Es wird angenommen, dass die Wachen der Betrügerzentren mehrere Fluchtversuche getötet haben. Dies führte dazu, dass die Stadtverwaltung der angrenzenden chinesischen Provinz einen scharf formulierten Protestbrief verschickte, in dem sie forderte, die Verantwortlichen vor Gericht zu stellen.
Die Brotherhood Alliance erkannte ihre Chance und griff an. Sie versprach, die Betrugszentren zu schließen, um China zu besänftigen. China hat öffentlich zu einem Waffenstillstand aufgerufen, Sprecher des Bündnisses sagen jedoch, sie hätten von der chinesischen Regierung keine direkte Aufforderung erhalten, die Kämpfe einzustellen.
Ihr längerfristiges Ziel besteht aber auch darin, in Erwartung eines möglichen Zusammenbruchs der Militärregierung so viel Boden wie möglich zu gewinnen. Dies würde sie in die bestmögliche Position für die von der NUG im Falle eines Sturzes der Junta versprochenen Verhandlungen über eine neue föderale Struktur für Myanmar versetzen.
Die TNLA wollte das von ihr kontrollierte Gebiet schon lange über die kleine selbstverwaltete Ta'ang-Zone hinaus, die ihr in der Verfassung zugeteilt ist, erweitern.
Die MNDAA will die Kontrolle über Laukkaing und die angrenzende Grenze zurückgewinnen, die sie 2009 durch eine Militäroperation unter der Führung von niemand anderem als Myanmars Militärchef General Min Aung Hlaing verloren hatte.

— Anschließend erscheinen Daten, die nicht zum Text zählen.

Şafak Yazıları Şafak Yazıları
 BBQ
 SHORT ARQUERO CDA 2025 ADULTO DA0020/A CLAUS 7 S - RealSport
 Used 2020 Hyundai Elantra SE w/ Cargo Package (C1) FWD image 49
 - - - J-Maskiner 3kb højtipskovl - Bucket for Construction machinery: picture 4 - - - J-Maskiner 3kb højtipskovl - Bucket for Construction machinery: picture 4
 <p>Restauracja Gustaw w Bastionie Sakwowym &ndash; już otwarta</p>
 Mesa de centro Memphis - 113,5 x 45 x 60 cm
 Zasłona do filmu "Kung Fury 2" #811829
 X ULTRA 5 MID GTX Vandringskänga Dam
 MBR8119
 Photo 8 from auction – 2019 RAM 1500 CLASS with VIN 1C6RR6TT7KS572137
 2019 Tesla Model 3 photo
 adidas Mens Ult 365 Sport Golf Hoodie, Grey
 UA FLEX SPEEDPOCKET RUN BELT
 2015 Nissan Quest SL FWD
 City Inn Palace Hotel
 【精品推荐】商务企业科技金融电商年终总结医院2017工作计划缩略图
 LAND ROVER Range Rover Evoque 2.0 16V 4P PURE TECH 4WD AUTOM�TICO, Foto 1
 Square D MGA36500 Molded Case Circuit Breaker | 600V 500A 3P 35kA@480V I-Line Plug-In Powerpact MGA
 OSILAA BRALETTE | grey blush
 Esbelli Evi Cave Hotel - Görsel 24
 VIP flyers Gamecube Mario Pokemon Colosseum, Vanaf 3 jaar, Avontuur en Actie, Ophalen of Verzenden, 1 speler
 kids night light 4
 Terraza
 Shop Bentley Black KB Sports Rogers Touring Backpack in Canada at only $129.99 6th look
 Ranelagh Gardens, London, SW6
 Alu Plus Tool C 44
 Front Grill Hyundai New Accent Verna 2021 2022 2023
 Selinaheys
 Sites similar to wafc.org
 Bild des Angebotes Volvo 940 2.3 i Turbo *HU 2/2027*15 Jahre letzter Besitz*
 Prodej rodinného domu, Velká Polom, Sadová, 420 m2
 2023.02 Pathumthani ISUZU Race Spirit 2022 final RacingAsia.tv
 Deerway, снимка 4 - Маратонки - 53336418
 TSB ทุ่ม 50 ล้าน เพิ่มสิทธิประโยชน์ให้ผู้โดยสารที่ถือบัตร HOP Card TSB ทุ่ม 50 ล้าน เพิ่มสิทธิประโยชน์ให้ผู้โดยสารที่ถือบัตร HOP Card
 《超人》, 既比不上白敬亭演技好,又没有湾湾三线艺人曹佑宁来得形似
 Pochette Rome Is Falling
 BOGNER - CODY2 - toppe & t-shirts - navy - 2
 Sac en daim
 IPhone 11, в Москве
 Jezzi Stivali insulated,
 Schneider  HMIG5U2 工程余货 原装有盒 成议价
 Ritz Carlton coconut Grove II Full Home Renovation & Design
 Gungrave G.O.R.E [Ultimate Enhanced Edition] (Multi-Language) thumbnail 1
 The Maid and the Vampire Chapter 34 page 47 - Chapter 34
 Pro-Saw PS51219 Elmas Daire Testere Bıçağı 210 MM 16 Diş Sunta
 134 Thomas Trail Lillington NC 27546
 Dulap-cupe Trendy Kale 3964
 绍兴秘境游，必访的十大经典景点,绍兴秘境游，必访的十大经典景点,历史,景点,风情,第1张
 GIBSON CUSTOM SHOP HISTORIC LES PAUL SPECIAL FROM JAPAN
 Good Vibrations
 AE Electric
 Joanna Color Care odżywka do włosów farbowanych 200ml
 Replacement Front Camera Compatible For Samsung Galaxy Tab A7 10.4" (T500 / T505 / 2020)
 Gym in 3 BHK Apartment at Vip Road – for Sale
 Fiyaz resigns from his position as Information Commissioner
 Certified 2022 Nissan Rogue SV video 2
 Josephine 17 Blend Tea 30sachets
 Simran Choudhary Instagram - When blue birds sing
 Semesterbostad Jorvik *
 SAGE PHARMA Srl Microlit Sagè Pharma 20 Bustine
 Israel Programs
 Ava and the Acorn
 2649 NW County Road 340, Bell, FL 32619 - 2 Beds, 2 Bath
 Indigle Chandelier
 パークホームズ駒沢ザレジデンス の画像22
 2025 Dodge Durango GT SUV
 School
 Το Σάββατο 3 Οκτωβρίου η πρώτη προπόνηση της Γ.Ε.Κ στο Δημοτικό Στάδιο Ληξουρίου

Und alle beobachten die Arakan-Armee. Sie unterstützt bisher lediglich die Kämpfe im Shan-Staat. Sollte sie sich dafür entscheiden, das Militär im Rakhine-Staat anzugreifen, wo sie die meisten ihrer Truppen hat und bereits viele Städte und Dörfer kontrolliert, wäre die Junta gefährlich überfordert.
Wie ein TNLA-Sprecher sagte, sieht seine Gruppe keinen Wert mehr darin, mit der Militärregierung zu verhandeln, weil es ihr an Legitimität mangele.
Jeder Deal, den sie abschließen, würde von einer künftigen gewählten Regierung für ungültig erklärt werden. Die Ta'ang, die Kokang und die Wa haben das gemeinsame Ziel, die verfassungsmäßige Anerkennung der Eigenstaatlichkeit ihres Volkes innerhalb eines neuen föderalen Systems zu erreichen.
Indem sie sich dem Kampf anschließen, könnten diese Gruppen dazu beitragen, die Militärherrschaft in Myanmar zu beenden. Aber ihre Bestrebungen, die zwangsläufig im Widerspruch zu den Interessen anderer Gruppen im Shan-Staat stehen, sind ein Vorbote der vielen Herausforderungen, denen sich diejenigen gegenübersehen werden, die versuchen, eine demokratische Zukunft für Myanmar zu entwerfen.